**Task prompt**
In the answer, each entry below appears exactly as given, and no picture appears at all.

Start of Record excerpts

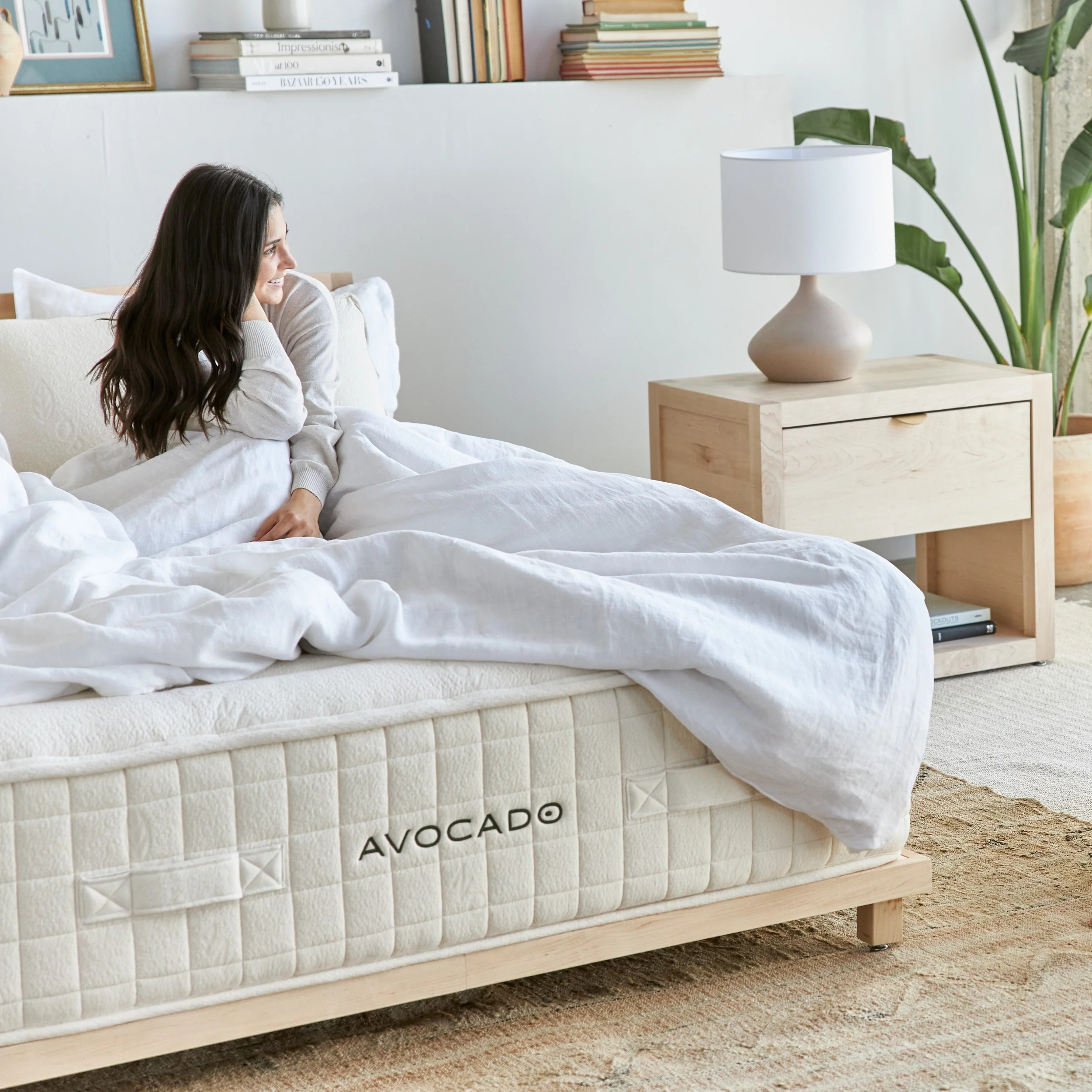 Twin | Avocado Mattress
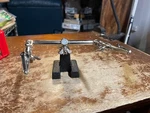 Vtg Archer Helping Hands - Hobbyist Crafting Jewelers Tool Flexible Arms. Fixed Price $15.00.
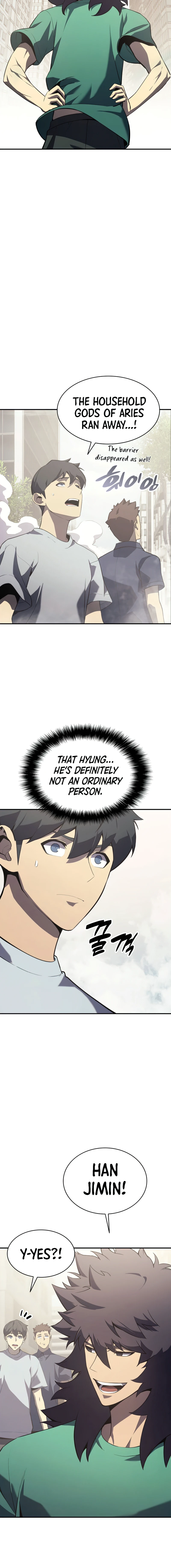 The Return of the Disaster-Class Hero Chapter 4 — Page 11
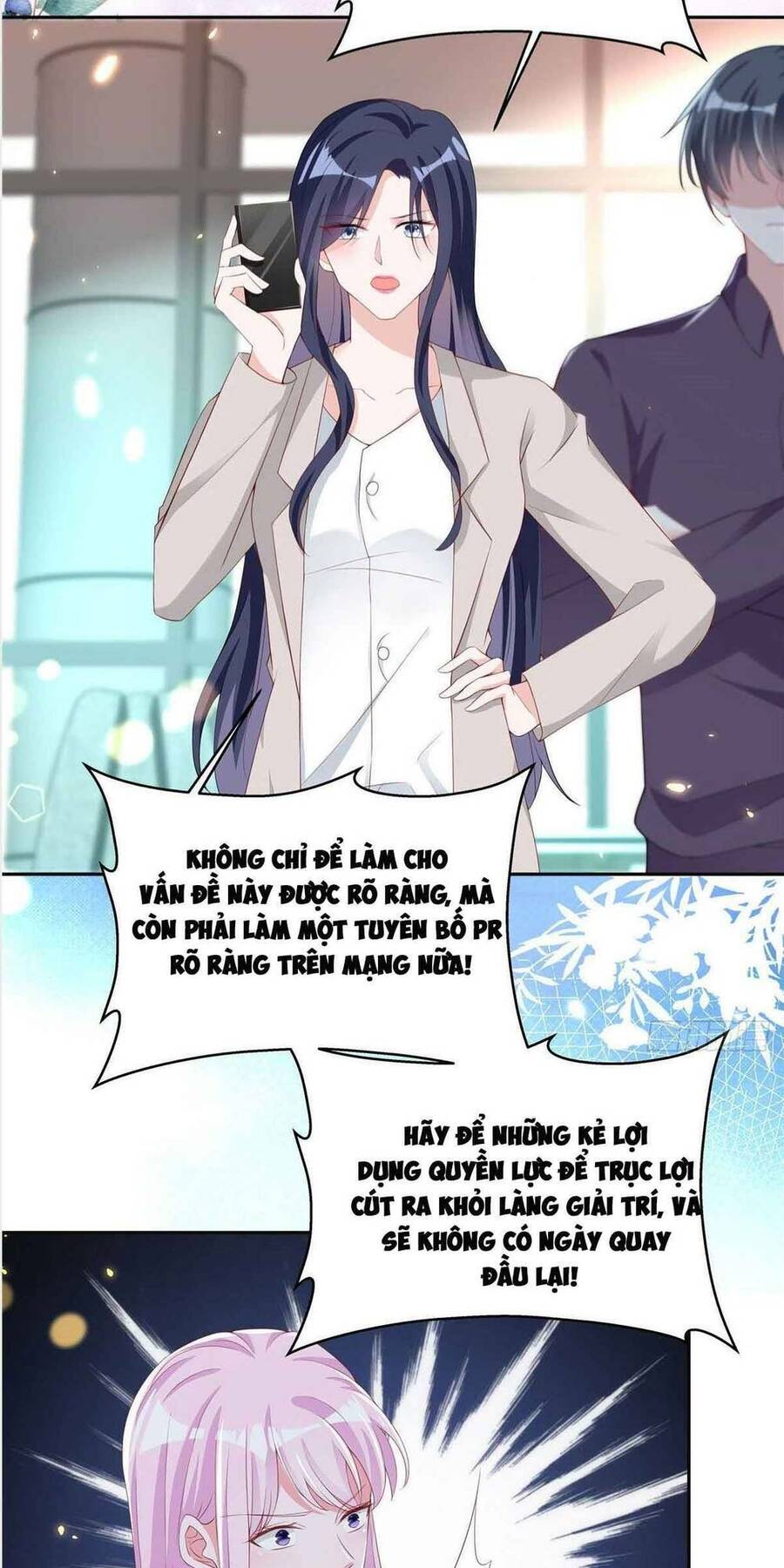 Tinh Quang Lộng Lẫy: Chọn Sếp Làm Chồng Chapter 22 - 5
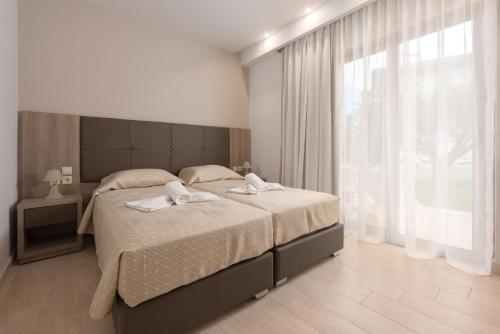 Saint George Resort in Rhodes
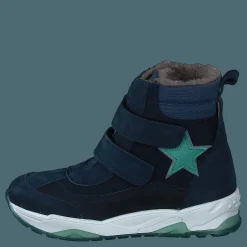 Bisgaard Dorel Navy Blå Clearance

End of Record excerpts

**Expected answer**
 Twin | Avocado Mattress
 Vtg Archer Helping Hands - Hobbyist Crafting Jewelers Tool Flexible Arms. Fixed Price $15.00.
 The Return of the Disaster-Class Hero Chapter 4 — Page 11
 Tinh Quang Lộng Lẫy: Chọn Sếp Làm Chồng Chapter 22 - 5
 Saint George Resort in Rhodes
 Bisgaard Dorel Navy Blå Clearance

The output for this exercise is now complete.